Content starts

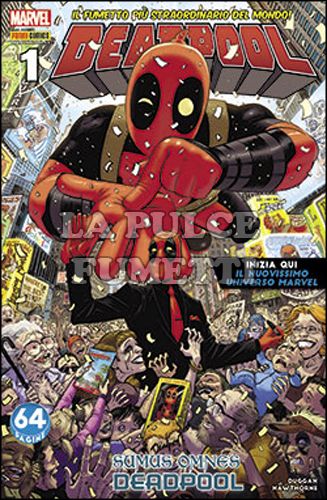 DEADPOOL #    60 - DEADPOOL 1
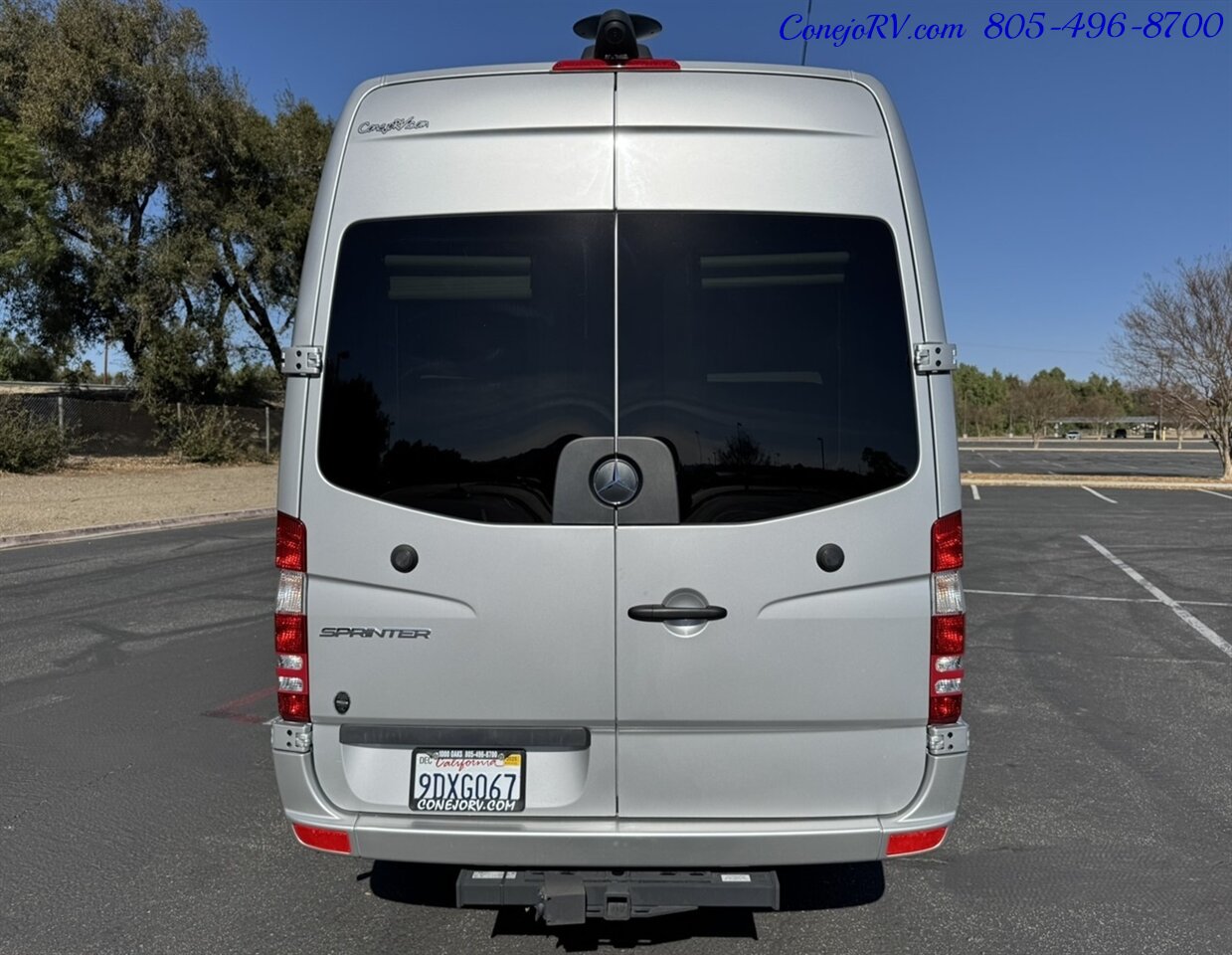 2020 American Coach Patriot By Midwest Automotive Designs 170 Mercedes  Turbo Diesel Power 18K Miles - Photo 44 - Thousand Oaks, CA 91360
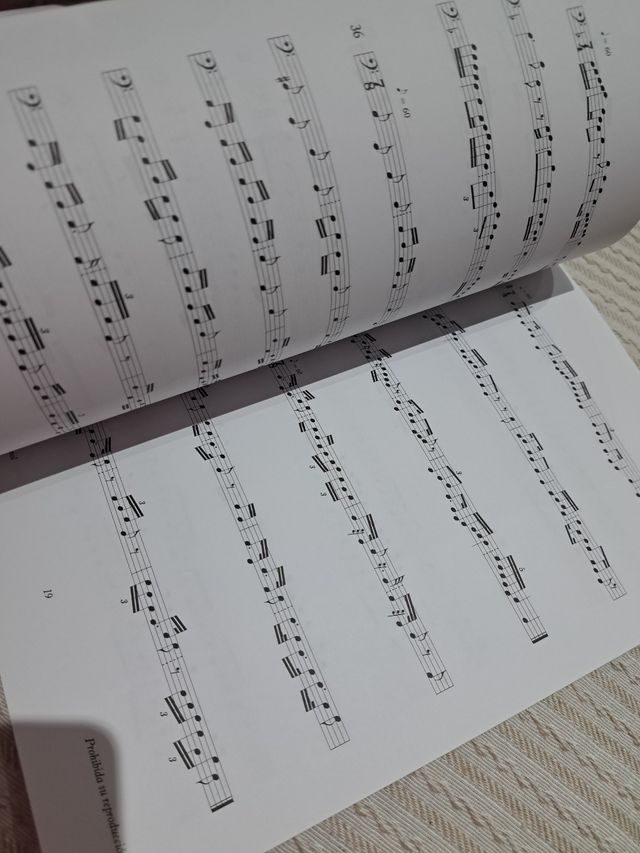 SIBEMOL - Lenguaje Musical Ritmico 5º (Grado Me...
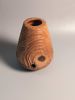 Flow Hollow Form | Ornament in Decorative Objects by Wood Alchemist Studio. Item composed of wood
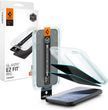 Защитное стекло антишпион Spigen GlasTR EZ FIT Pro Privacy (2 Pack) для Google Pixel 11 Pro XL AGL11486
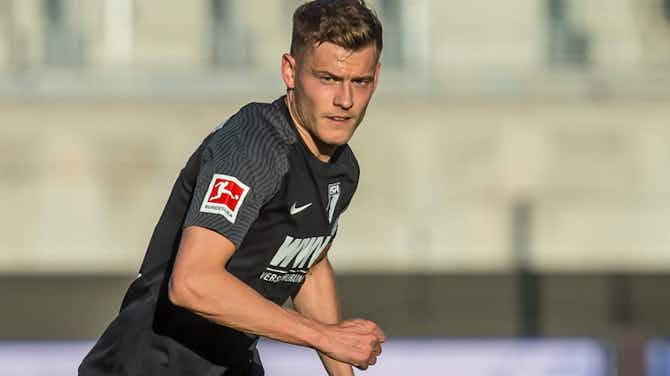 Vorschaubild für FC Augsburg: Nächste wochenlange Pause für Alfred Finnbogason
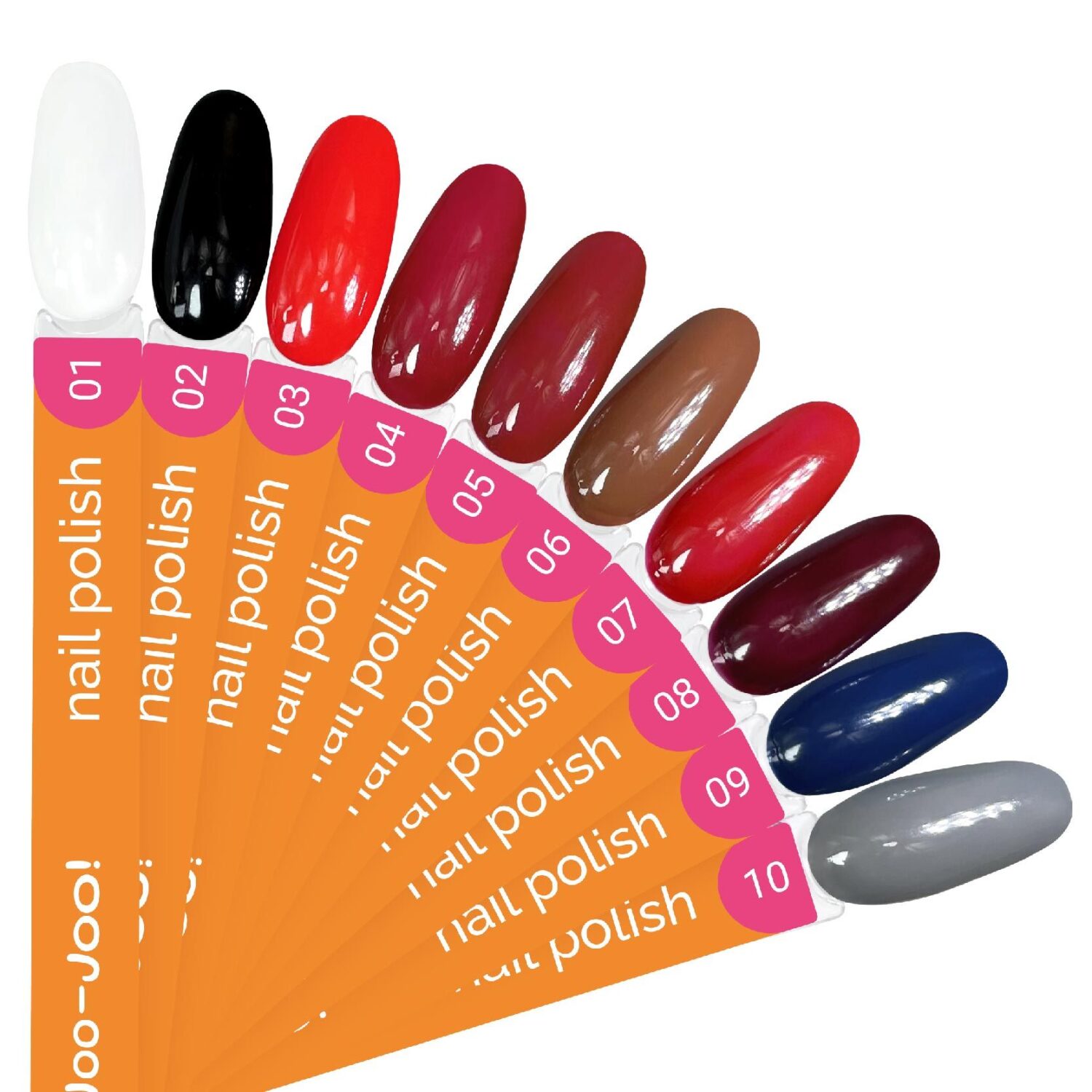 Joo-Joo Nail Polish 06 10 ml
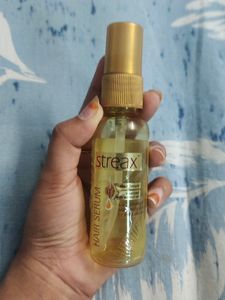 Empty Serum Bottle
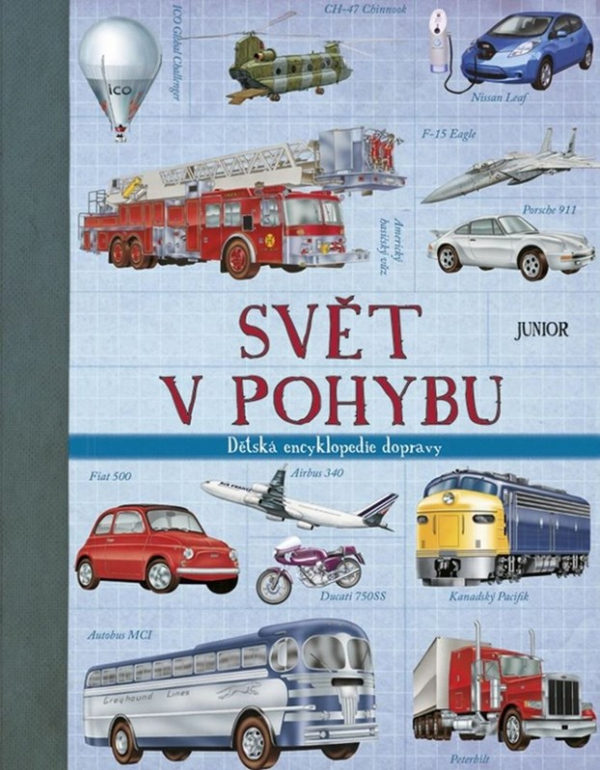 Levně Svět v pohybu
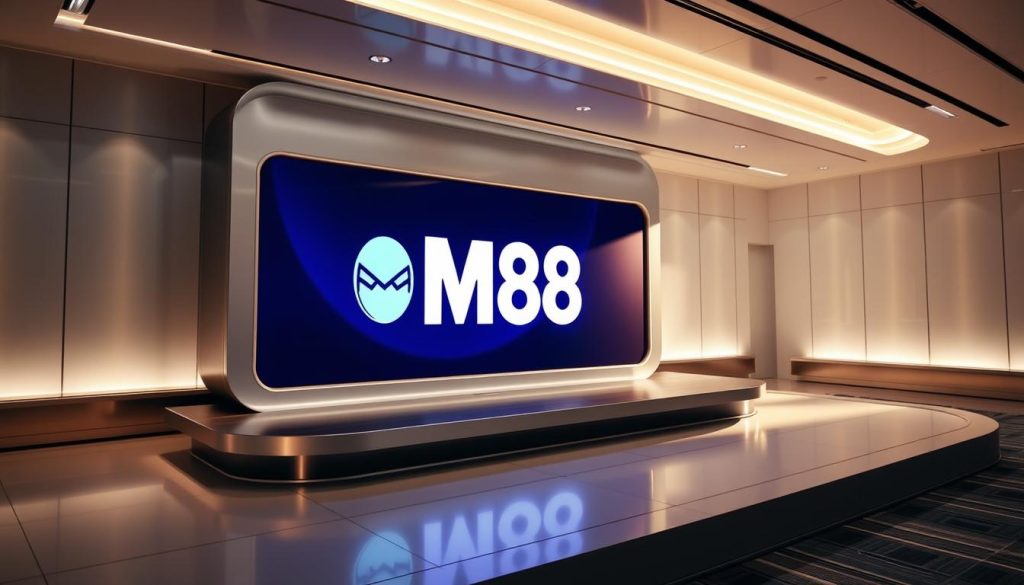 แพลตฟอร์มพรีเมียม M88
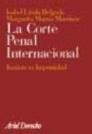 Papel CORTE PENAL INTERNACIONAL JUSTICIA VERSUS IMPUNIDADAD (COLECCION ARIEL DERECHO)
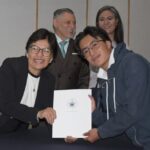 Egresados del B5M ponen en alto el nombre de la BUAP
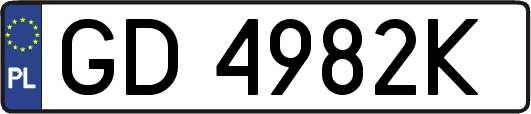 GD4982K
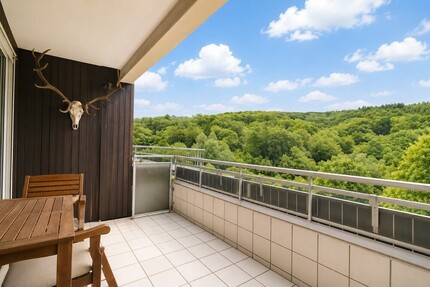 Fast wie im Penthouse - 3 Zi Wohnung + Stellplatz TG u. Wallbox. - Wohnung Eppstein / Bremthal Bremthal | Angebot:26986206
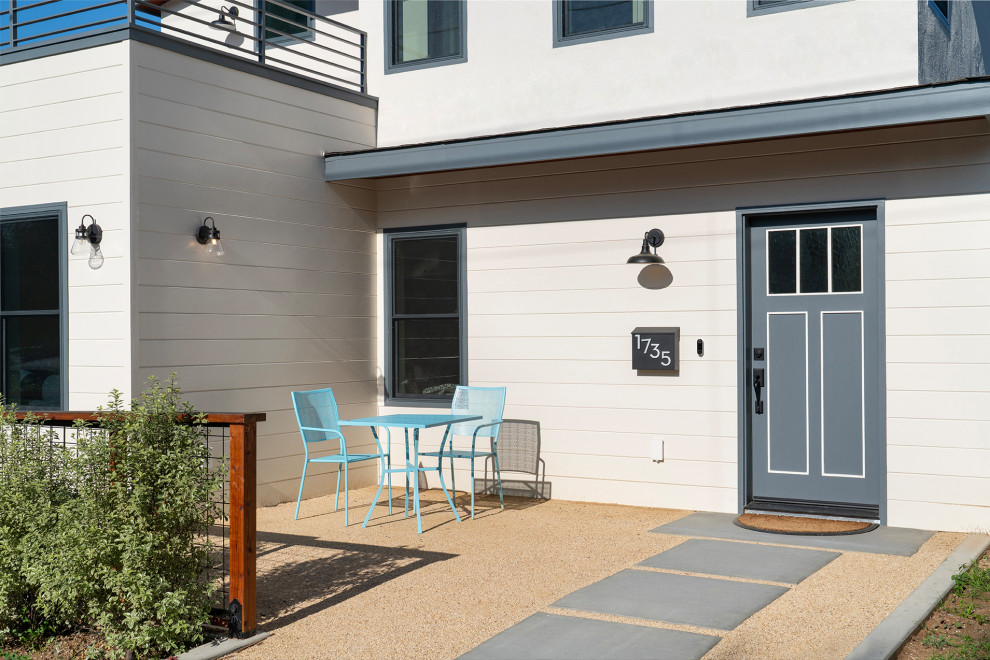 Berkeley Modern Two-Story ADU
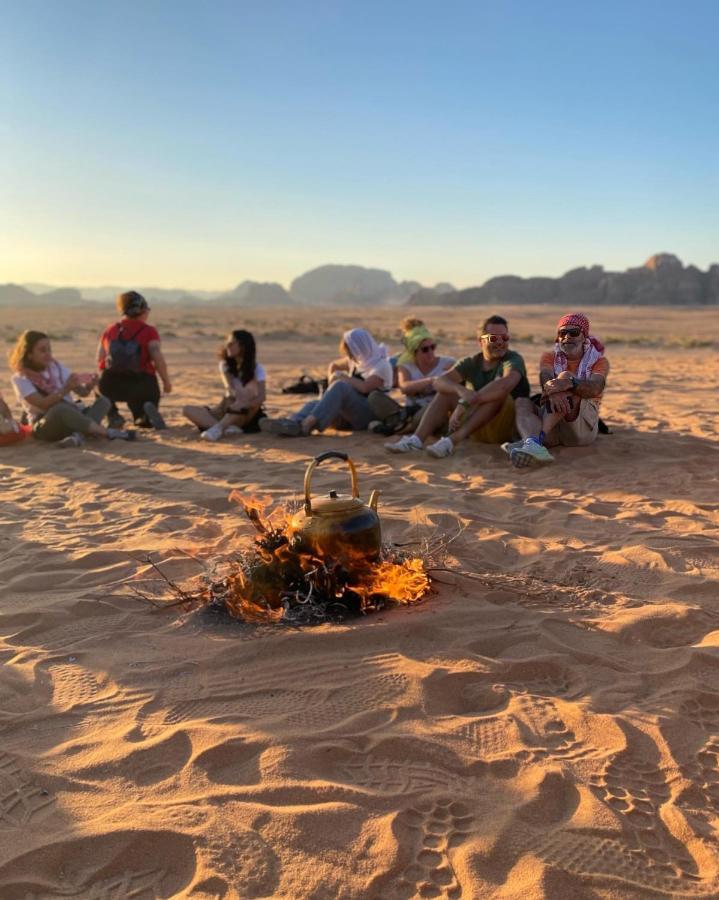 Wadi Rum Camp 외부 사진
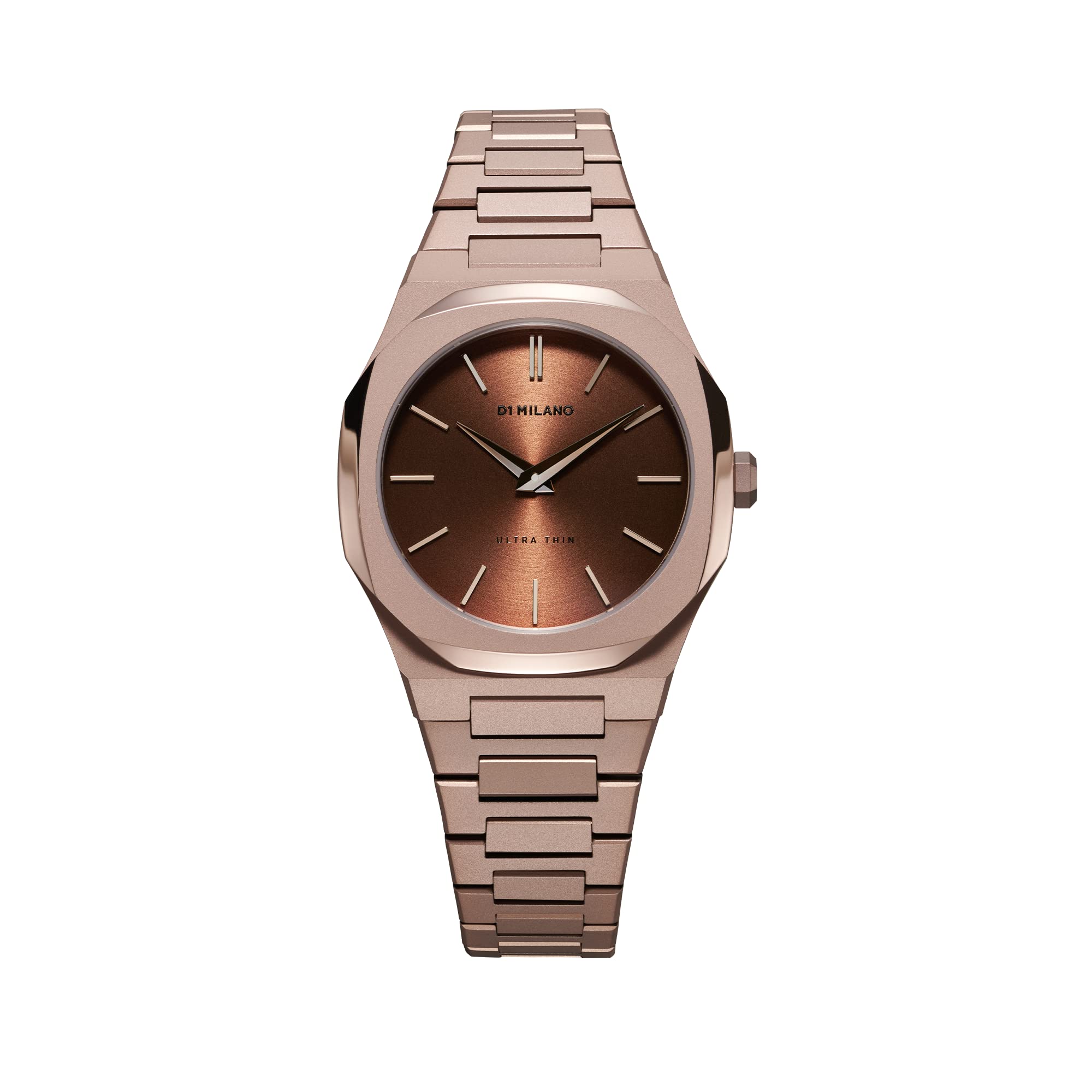 D1 Milano Stainless Steel Analog Brown Dial Women Watch-Utbl15, Brown Band (B0BLHVFGXS) Amazon Price History, Amazon Price Tracker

Content ends

• _Directions_:
Exactly as written, copy the entries above without their pictures.

• _Answer to the exercise_:
 DEADPOOL #    60 - DEADPOOL 1
 2020 American Coach Patriot By Midwest Automotive Designs 170 Mercedes  Turbo Diesel Power 18K Miles - Photo 44 - Thousand Oaks, CA 91360
 SIBEMOL - Lenguaje Musical Ritmico 5º (Grado Me...
 Flow Hollow Form | Ornament in Decorative Objects by Wood Alchemist Studio. Item composed of wood
 Защитное стекло антишпион Spigen GlasTR EZ FIT Pro Privacy (2 Pack) для Google Pixel 11 Pro XL AGL11486
 Vorschaubild für FC Augsburg: Nächste wochenlange Pause für Alfred Finnbogason
 Joo-Joo Nail Polish 06 10 ml
 Empty Serum Bottle
 Levně Svět v pohybu
 แพลตฟอร์มพรีเมียม M88
 Papel CORTE PENAL INTERNACIONAL JUSTICIA VERSUS IMPUNIDADAD (COLECCION ARIEL DERECHO)
 Egresados del B5M ponen en alto el nombre de la BUAP
 GD4982K
 Fast wie im Penthouse - 3 Zi Wohnung + Stellplatz TG u. Wallbox. - Wohnung Eppstein / Bremthal Bremthal | Angebot:26986206
 Berkeley Modern Two-Story ADU
 Wadi Rum Camp 외부 사진
 D1 Milano Stainless Steel Analog Brown Dial Women Watch-Utbl15, Brown Band (B0BLHVFGXS) Amazon Price History, Amazon Price Tracker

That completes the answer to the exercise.